# Data Setup

In this notebook, we demonstrate how to setup time series data for the examples inlcuded in this book. The data in this example is taken from the GEFCom2014 forecasting competition<sup>1</sup> (see reference below). It consists of 3 years of hourly electricity load and temperature values between 2012 and 2014. 

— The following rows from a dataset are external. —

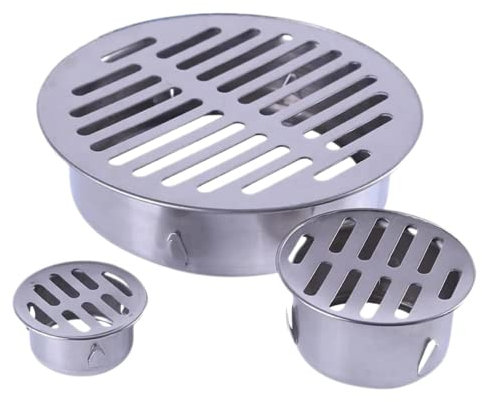 Abflussabdeckungen Abnehmbarer Bodenablauffilter, Edelstahl Balkon Drainage Dach Runde Bodenablauf Abdeckung Regenrohrkappe für Outdoor Balkon Hof Verwendung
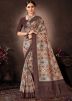 Brown Digital Print Saree In Chanderi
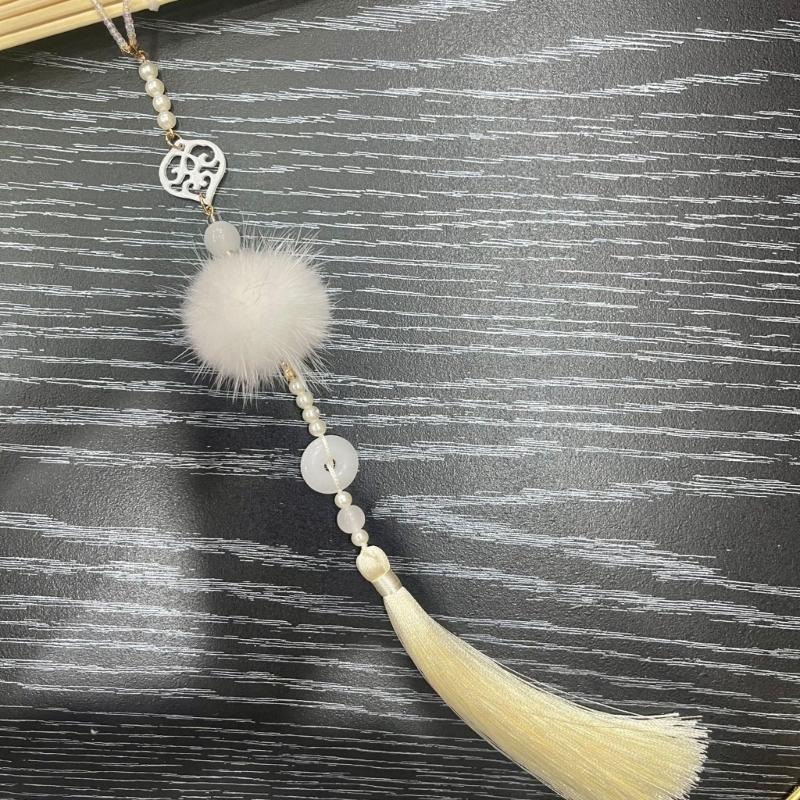 Vintage Chinese Hanfu Pendant Traditional Tassels Waist Pendant Imitation Jade Fashionable Jewelry for Celebrations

<sup>1</sup>Tao Hong, Pierre Pinson, Shu Fan, Hamidreza Zareipour, Alberto Troccoli and Rob J. Hyndman, "Probabilistic energy forecasting: Global Energy Forecasting Competition 2014 and beyond", International Journal of Forecasting, vol.32, no.3, pp 896-913, July-September, 2016.

In [None]:
import os
import shutil
import matplotlib.pyplot as plt
from common.utils import load_data, extract_data, download_file
%matplotlib inline

In [None]:
data_dir = './data'

if not os.path.exists(data_dir):
    os.mkdir(data_dir)

if not os.path.exists(os.path.join(data_dir, 'energy.csv')):
    download_file("https://mlftsfwp.blob.core.windows.net/mlftsfwp/GEFCom2014.zip")
    shutil.move("GEFCom2014.zip", os.path.join(data_dir,"GEFCom2014.zip"))
    extract_data(data_dir)

In [None]:
ts_data_load = load_data(data_dir)[['load']]
ts_data_load.head()

In [None]:
ts_data_load.plot(y='load', subplots=True, figsize=(15, 8), fontsize=12)
plt.xlabel('timestamp', fontsize=12)
plt.ylabel('load', fontsize=12)
plt.show()

In [None]:
ts_data_load['2014-07-01':'2014-07-07'].plot(y='load', subplots=True, figsize=(15, 8), fontsize=12)
plt.xlabel('timestamp', fontsize=12)
plt.ylabel('load', fontsize=12)
plt.show()